На жизнь Шейн зарабатывает нелегким трудом домашнего учителя в барских домах и усадьбах, в имениях своих работодателей он начинает доверительно общаться с народом, и в 1850-е годы публикует свои первые труды по этнографии великороссов. К белорусам, которых он знал по могилевскому детству, Павел Васильевич обращается уже в зрелые годы, переехав в 1865-м в Витебск по просьбе попечителя Виленского учебного округа Ивана Петровича Корнилова. Года через два выясняется, что в губернском городе живут два очень разных Шейна. Один до 1873 года преподает в мужской и женской гимназиях немецкий язык и русскую словесность при небольшой любви учащихся, вспыльчив и склонен к нудным нотациям. Второй исследует народную душу белоруса, задушевно, находя верный тон, беседует с крестьянами, которые делятся с ним своими песнями, сказками, поговорками.
И не только с ним - с самого начала энтузиаст работает системно, привлекая к этнографической работе среди белорусов местных образованных людей, среди которых были будущий известный витебский этнограф Николай Никифоровский и отец большого белорусского поэта Адам Богданович.
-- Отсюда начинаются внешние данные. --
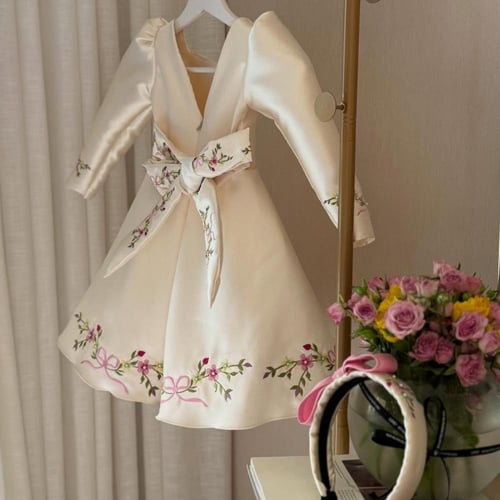 فستان للعيد كشخه وناقه طفلك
Печатная "Просьба" Шейна, составленная по образцу тогдашней германской фольклористики, отправляется директорам народных училищ Витебской и Могилевской губерний. Там простые ответы на три вопроса: "Что записывать? Как записывать? От кого записывать?" По последнему пункту подход оригинальный: "Преимущественно от деревенских баб и старух. В их устах эти произведения сохраняются свежее, неприкосновеннее, потому что они редко или почти никогда не оставляют своей родной берлоги, стало быть, менее подвергаются влиянию чужесторонних элементов и вредным осадкам полуграмотной цивилизации".
Работа на самом деле трудоемкая, потому что нервная. Личный опыт Павла Васильевича показывает, что с прекрасным полом в белорусских селеньях всегда непросто. "Белорусские женщины не умеют говорить тихо, сдержанно", - это еще полбеды. "Нрава она была весьма сердитого, строптивого", - так аттестует Шейн главного информатора своей книги "Белорусские народные песни" (1874) вдову лет под сорок Марию Васильевну Коткович из Чашников, два года прослужившую у него в витебском доме. Главное, правда, в другом: "В душе была она пропитана духом белорусской народности", и дух этот проник в работы фольклориста рассказами из реального крестьянского житья-бытья.
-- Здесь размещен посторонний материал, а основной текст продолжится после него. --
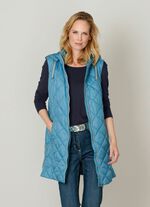 Gewatteerd vest met decoratief lint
Изыскания Шейна активно поддерживает Русское географическое общество. Уехав из Витебска, он продолжает заниматься одновременно этнографией великороссов и белорусов. В белорусские уезды, невзирая на свои костыли, совершает длительные экспедиции, и в итоговый четырехтомный труд по изучению быта и языка белорусов, выходивший в свет с 1887 года, включены материалы не только по Витебской губернии, как это было вначале, а по всем местам расселения "белорусского племени".
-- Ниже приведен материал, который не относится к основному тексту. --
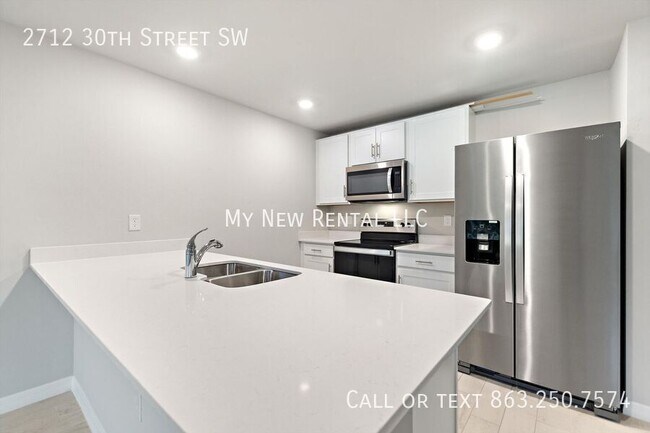 Building Photo - 2712 30th St SW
Наметанный глаз Павла Васильевича фиксировал много всяких интересностей: тут и "заговор от укушения ужа", и примета "кошка сидит перед зеркалом - свадьба"... Особая статья - белорусские песни, многие из которых Шейн любил петь сам. Есть среди них и давно утраченная злоба дня - вот купальская песня о том, как казак в Полоцке на рынке допился до того, что девушку шинкарке продал. А вот озорная припевка к танцам из Старого Села Витебского уезда: было у хитрой замужней бабы 70 поросят, да всех чужой муж съел.
И уже в первой белорусской книге Шейна 1874 года находим песни, вошедшие в культурный код белорусов. Имеется и знаменитая "Лявониха" в коротком варианте из села Дубровки Лепельского уезда, и два варианта не менее прославленной "Купалинки". Пели это в народе еще в 1860-е годы, воскресилось в 1970-е первым составом легендарных "Песняров", а не так давно в исполнении Александра Рыбака. Главное же, что четко просматривается в трудах Шейна, - это неоспоримый факт, что белорусы XIX столетия представляют собой многочисленный народ со своей неповторимой культурой.